After 6 months in my new city, I contact her via text, she's all happy to hear from me. I go down a couple of weeks later to see her and while we sat there eating, I just KNEW "this was it" Mind you, I'm not normally a romantic person. I mean I can be, but to be completely transparent, I have quite a few female friends who are fond of me and I've felt I was over the "trying to have a relationship, do it by the book" phase.  So this feeling that i felt that day with her was really mind boggling. But like with everything else I feel, I just go with it and don't try to fight it. Especially something positive. So A couple of days later, I send her an email breaking down all of my feelings and basically saying I knew she felt the same way (and citing numerous examples.) I figured either we would never speak again or it would cause Hell at first and someday we'd both be glad I'd taken that step.
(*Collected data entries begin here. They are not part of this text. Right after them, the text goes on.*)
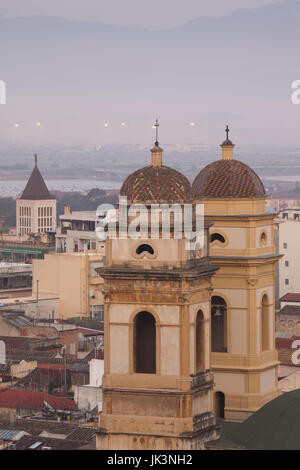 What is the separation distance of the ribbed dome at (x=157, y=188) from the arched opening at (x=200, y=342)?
1751 mm

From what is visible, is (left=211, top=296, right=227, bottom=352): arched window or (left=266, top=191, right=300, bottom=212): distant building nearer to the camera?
(left=211, top=296, right=227, bottom=352): arched window

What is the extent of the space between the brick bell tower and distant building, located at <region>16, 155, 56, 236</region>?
392 ft

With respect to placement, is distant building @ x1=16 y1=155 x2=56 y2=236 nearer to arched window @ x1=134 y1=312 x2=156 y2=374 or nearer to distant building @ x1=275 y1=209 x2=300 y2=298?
distant building @ x1=275 y1=209 x2=300 y2=298

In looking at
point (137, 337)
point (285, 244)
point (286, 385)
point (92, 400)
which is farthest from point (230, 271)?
point (285, 244)

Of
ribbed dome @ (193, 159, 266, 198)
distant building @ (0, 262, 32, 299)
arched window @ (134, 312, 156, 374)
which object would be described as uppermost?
distant building @ (0, 262, 32, 299)

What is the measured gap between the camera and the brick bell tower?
1148 inches

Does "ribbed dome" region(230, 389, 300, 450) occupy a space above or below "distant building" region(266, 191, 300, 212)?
below

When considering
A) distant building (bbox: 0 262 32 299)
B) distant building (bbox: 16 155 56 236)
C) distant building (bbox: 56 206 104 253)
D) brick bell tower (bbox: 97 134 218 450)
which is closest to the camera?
brick bell tower (bbox: 97 134 218 450)

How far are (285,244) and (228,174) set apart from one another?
67.6 metres

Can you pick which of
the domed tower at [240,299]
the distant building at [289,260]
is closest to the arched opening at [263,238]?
the domed tower at [240,299]

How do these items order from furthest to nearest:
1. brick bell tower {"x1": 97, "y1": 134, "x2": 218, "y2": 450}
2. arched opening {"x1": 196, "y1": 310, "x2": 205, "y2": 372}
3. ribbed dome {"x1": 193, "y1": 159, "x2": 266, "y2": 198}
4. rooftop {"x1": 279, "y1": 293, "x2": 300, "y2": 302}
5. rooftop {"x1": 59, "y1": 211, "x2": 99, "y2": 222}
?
rooftop {"x1": 59, "y1": 211, "x2": 99, "y2": 222}
rooftop {"x1": 279, "y1": 293, "x2": 300, "y2": 302}
ribbed dome {"x1": 193, "y1": 159, "x2": 266, "y2": 198}
arched opening {"x1": 196, "y1": 310, "x2": 205, "y2": 372}
brick bell tower {"x1": 97, "y1": 134, "x2": 218, "y2": 450}

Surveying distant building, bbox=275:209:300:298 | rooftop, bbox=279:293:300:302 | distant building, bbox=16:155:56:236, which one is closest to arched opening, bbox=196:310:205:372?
rooftop, bbox=279:293:300:302

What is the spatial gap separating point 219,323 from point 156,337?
15.5 ft

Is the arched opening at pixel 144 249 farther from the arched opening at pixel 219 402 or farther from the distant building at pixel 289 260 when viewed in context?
the distant building at pixel 289 260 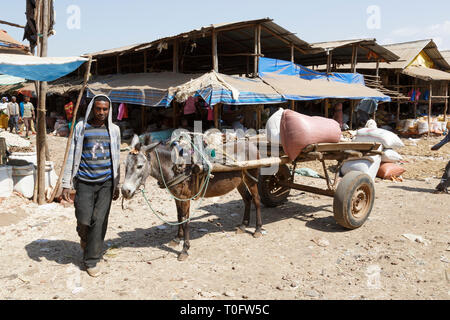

For 2 days I didn't hear from her. I contacted her the third day and we had our first ever argument (albeit via text). She was saying how she didn't feel that way about me blah blah blah. The whole time, I was laughing both out loud and via texts and telling her "yea right, we've gone through this before and 3 days later I come into the bank and you break down and can't help speaking to me." Etc etc. She admitted how much she enjoyed being around me but swore she was a lesbian through and through.  I figured, "this will blow over, no problem."  Yea right.  That was exactly 16 months ago (I just realized it, looking at the date on my computer)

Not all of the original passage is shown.